In public interest also, the debtors should be directed to pay at least the principal amount and the other conflicting claims can be considered in the course of trial. It is clear from the affidavit that the applicants are not interested in payment of the principal amount also and in the name of some of the clauses in the mortgage deed, the applicants are attempting to evade payment and thereby prevent the respondent from bringing the property to auction by invoking section 69 of the Transfer of Property Act. Nowhere the applicants have denied the liability to pay the principal amount. Even assuming that the four instalments paid by the applicants towards the recurring deposit account is taken to the credit, yet more than Rs. 1, 80, 00, 000 is payable by the applicants.
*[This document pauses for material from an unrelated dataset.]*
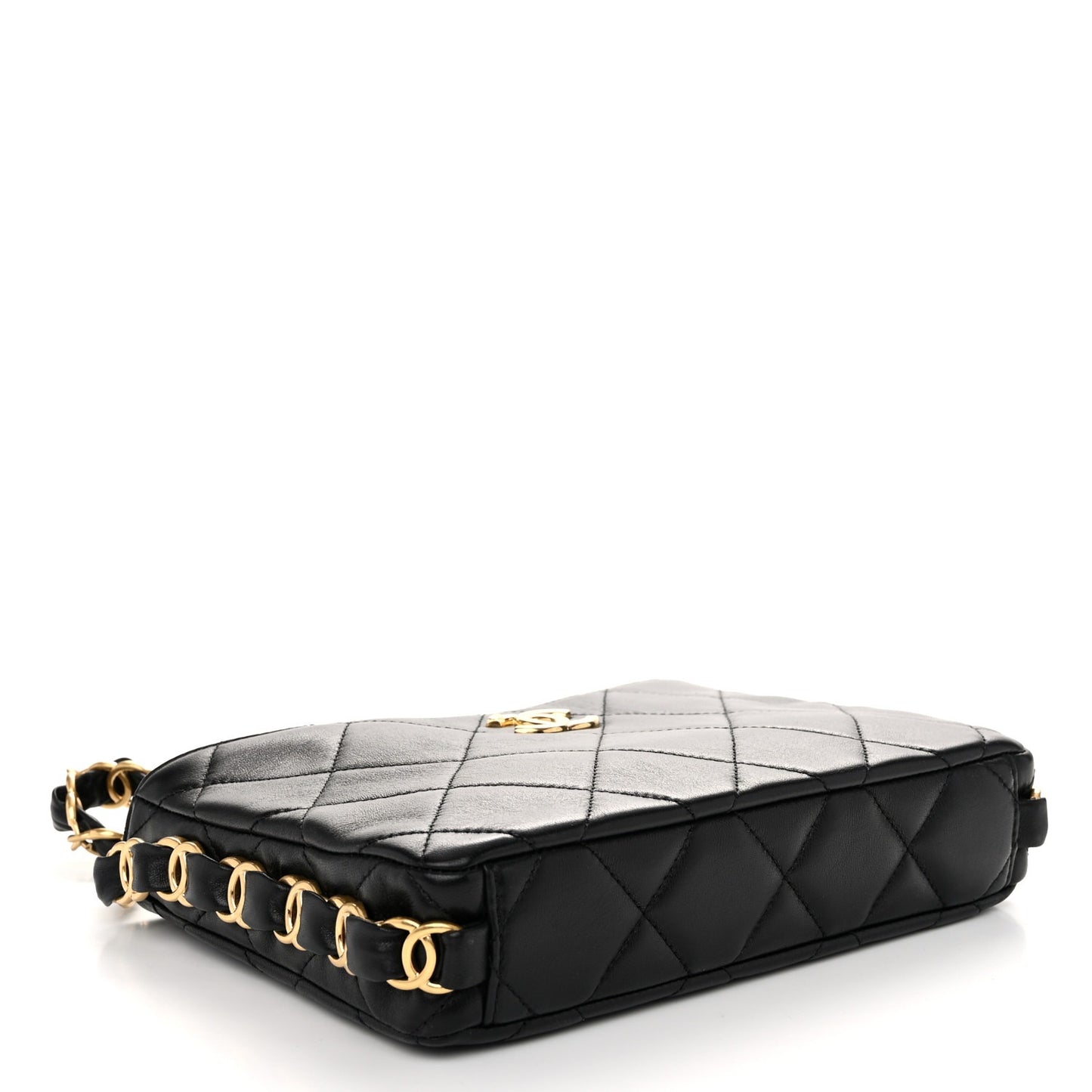 Chanel Lambskin Quilted Small CC Links Hobo Black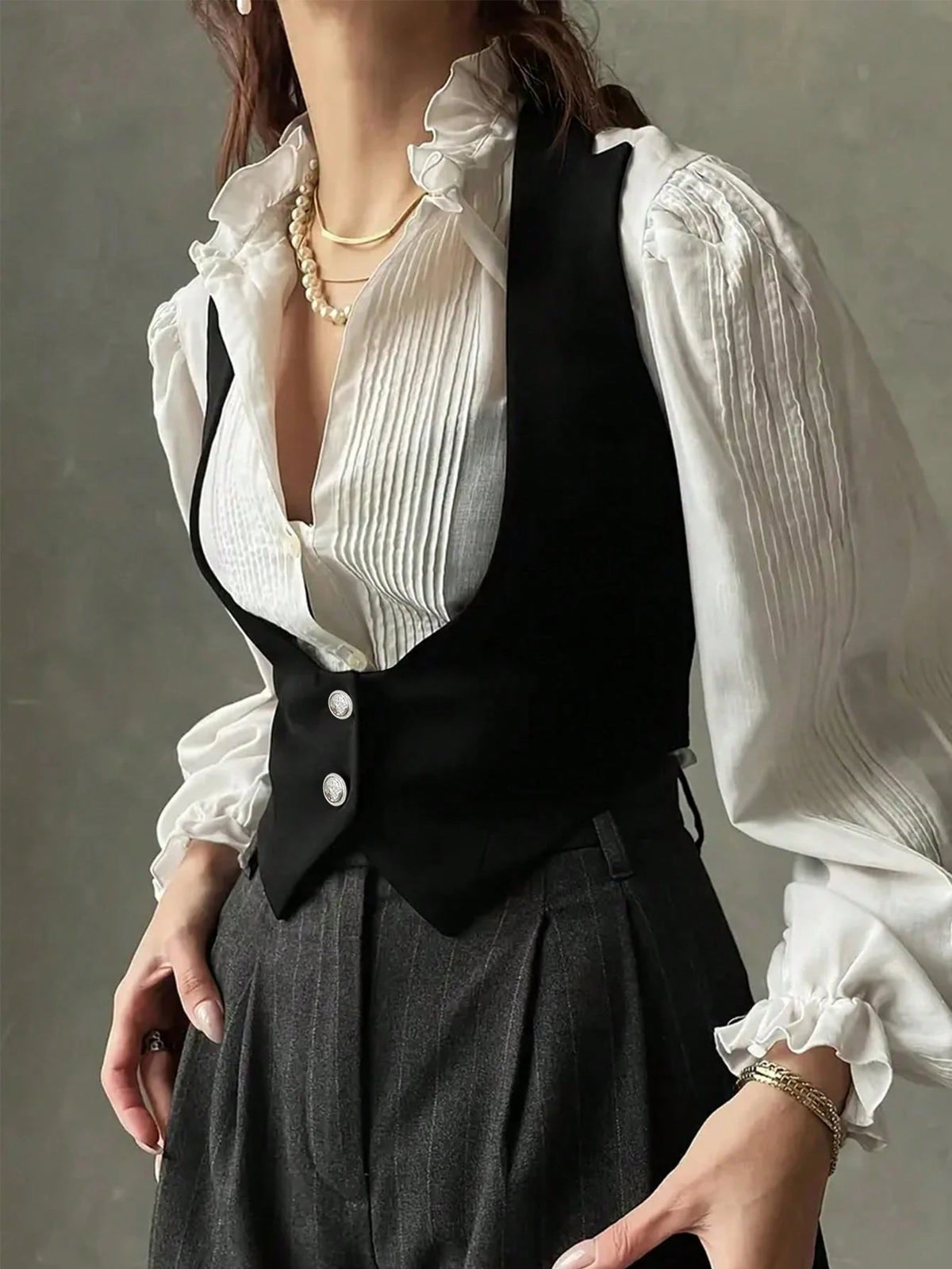 1pc Solid Color Woven Fabric Front Button Closure Women Casual Top, Suitable For Vacation, School, And Daily Wear Black Summer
Under the circumstance, I am of the view that the applicants have no prima facie case and on the ground the balance of convenience is only in favour of the respondent. When the applicants have failed to pay the instalments on the due dates, they are not entitled to get discretionary relief of interim injunction and, as such, they cannot claim the same as a matter of right. At the same time, in order to give an opportunity to the applicants, I am of the view that a conditional order can be passed, directing the applicants to pay a particular amount within a reasonable period, failing which, it is open to the respondent to invoke section 69 of the Transfer of Property Act and bring the property for sale.For the reasons stated above, interim injunction is granted for a period of six weeks on condition that the applicants deposit a sum of Rs. 90, 00, 000 (rupees ninety lakhs only) representing 50 per cent. of the principal amount due as on June 1, 2000, within a period of six weeks from this date, failing which, the order of interim injunction shall stand automatically vacated and the respondent is empowered to invoke section 69 of the Transfer of Property Act and bring the property to auction to realise the dues.